里帰りするようにうっとしいまでにアプローチする姑。

嫌いな奴と会わなきゃいかん苦しみが一番嫌だね

 この日のアドバイザーは三石メソード主宰で翻訳家の三石由起子。まず、8歳、6歳、4歳、2歳という4人の子どもを抱えた夫婦に、遠い実家まで来いというのに無理があると指摘する。

 「子どもが4人もいる若い夫婦がね、これは大変だよホントに。足並みもそろわないしね、次々に行事はあるしね。これはね、親になんか会ってるヒマない!

 「はあ……」

 「いいですか? 『盆暮れ遊びに来なさい』じゃないですよ。『4人もいて大変だから来なくていい』これが母親ですよ!

 5時間もの長旅、小さな子どもを4人も抱えての移動は考えるだけで苦行(交通手段は明かされていなかったが、仮に新幹線だとしたら、東京〜博多くらいの距離だ)。金銭的な負担も大きいし、うっとうしい母親のいる実家へそうそう帰りたいとは思わないだろう。

 三石先生は、さらに厳しい言葉でたたみかける。

 「よくこんなことを言うの『娘を持たない親のところには嫁にやるな』って」

 娘を育てた経験のある母親は「自分と世代の違う女」の実情を知っているので、たいがいは「いい嫁だ」と思える。しかし娘を持たない母親は、自分や自分の友達を基準にして嫁を見てしまうため、どんなにいい嫁であってもよくは見えないのだという。

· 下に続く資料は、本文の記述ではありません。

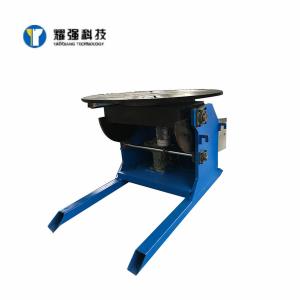 Quality 20 Ton Rotary Welding Positioner Turntable 2500mm 20000KG wholesale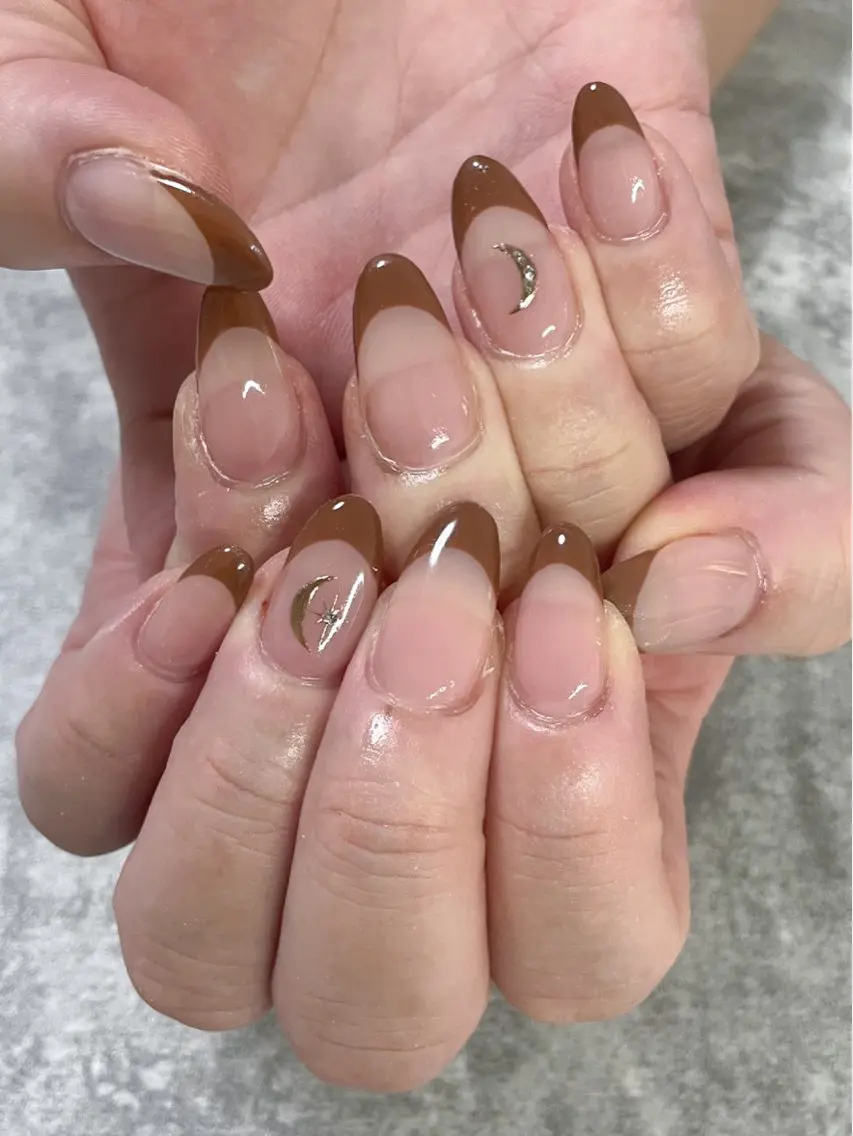 ネイル ハンドネイル FIORITURA aiのネイルデザイン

 「子ども4人抱えてヘトヘトになっている女の子はね、お盆とか暮れはねえ(自分の)実家に帰りたいですよ。実家に帰ってぐでーっとしてたいんですよ。夫のウチになんか帰って、どうして働きたいんですか? せっかくの休み

 「うーん……」

 三石節はまだまだ止まらない。

 「仏教にはね、四苦八苦という8つの苦しみがあるんだけどさ。私、その8つの中で一番、個人的に嫌だと思う苦しみはね、『怨憎会苦』というやつなんですよ」「嫌いな奴と会わなきゃいかん苦しみ。これが私は一番嫌だね!」

 仏教の教えまで飛び出した。

 三石先生の厳しいアドバイスは時に独善的すぎることもあるが、「里帰りしない長男夫婦がおかしい」と信じて疑わない相談者に対しては、これくらいの厳しさがちょうどいいだろう。

 「もう、むこうが恋しくなるまで放っておいた方がいいと思う。ご主人と楽しく暮らすことだけを考えてね」

 長男夫婦も、もうちょっと里帰りできない理由を説明してあげてもいいのでは……とは思うが、相談者のうっとうしい性格を改善しない限り、実家に寄りつくことはなさそうだ。